The Capitalist Class Realizes Money is a Fungible Commodity
A defining characteristic of the capitalist class is that they treat money as a fungible commodity. This manifests itself in several ways.
- Members of the capitalist class don't care if they earn their profits from non-sexy businesses such as trash hauling, storage units, or plumbing services.
- When raising capital to start or expand a business, members of the capitalist class don't care where the money comes from, only the terms and cost of the funds. They will often approach banks, private equity groups, or even insurance companies!
- The capitalist class sees every dollar as a dollar and puts it toward its greatest use.
Profile of the Capitalist Class
So, now that you know some of the secrets of the capitalist class, it might be useful to see who the average member of the capitalist class. According to government and private research data, the capitalist class:
- More than 90% did not inherit their money—they are entirely self-made.
- Many own their own business and have lived in the same town for more than a decade. These businesses are unglamorous and include things such as HVAC, commercial plumbing, self-employed lawyers, accountants, and real estate investors.

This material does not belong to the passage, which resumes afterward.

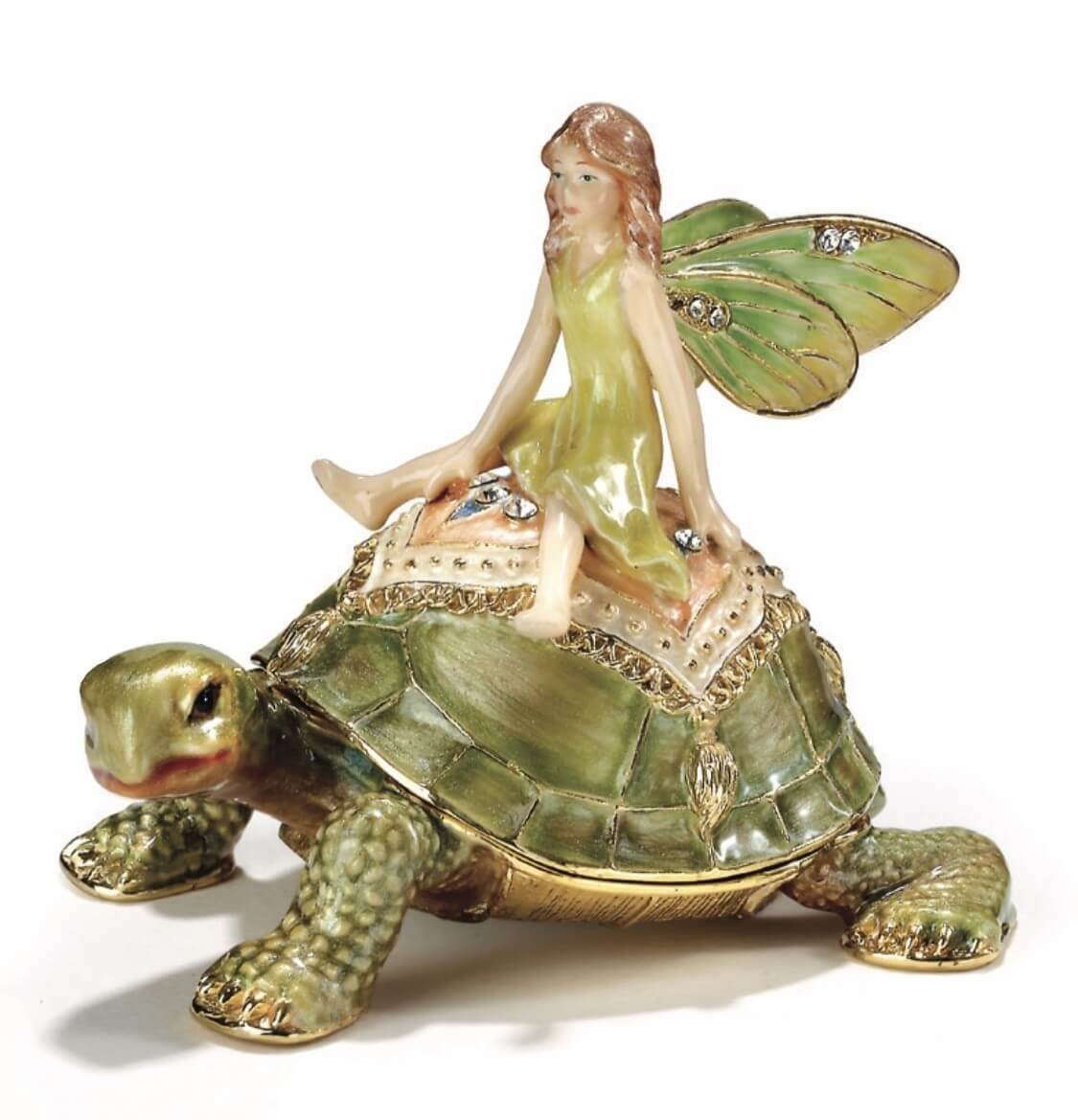 Enamel trinket box of fairy in green dress & wings riding on the back of a turtle with gold accents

- More than 90% own their own home and have lived in it for years. Fewer than 7% rent or lease.
- More than 90% graduated from college, but grades had no correlation with their financial success. In other words, students with a C- average were just as successful as those with an A average.
- Most newcomers work in the financial or securities industry.
Membership is Not Guaranteed
About 11% of Americans will join the 1% for at least one year, but only 5.8% will be in it for two years or more. Only 1.1% of Americans hold onto this status for at least 10 years.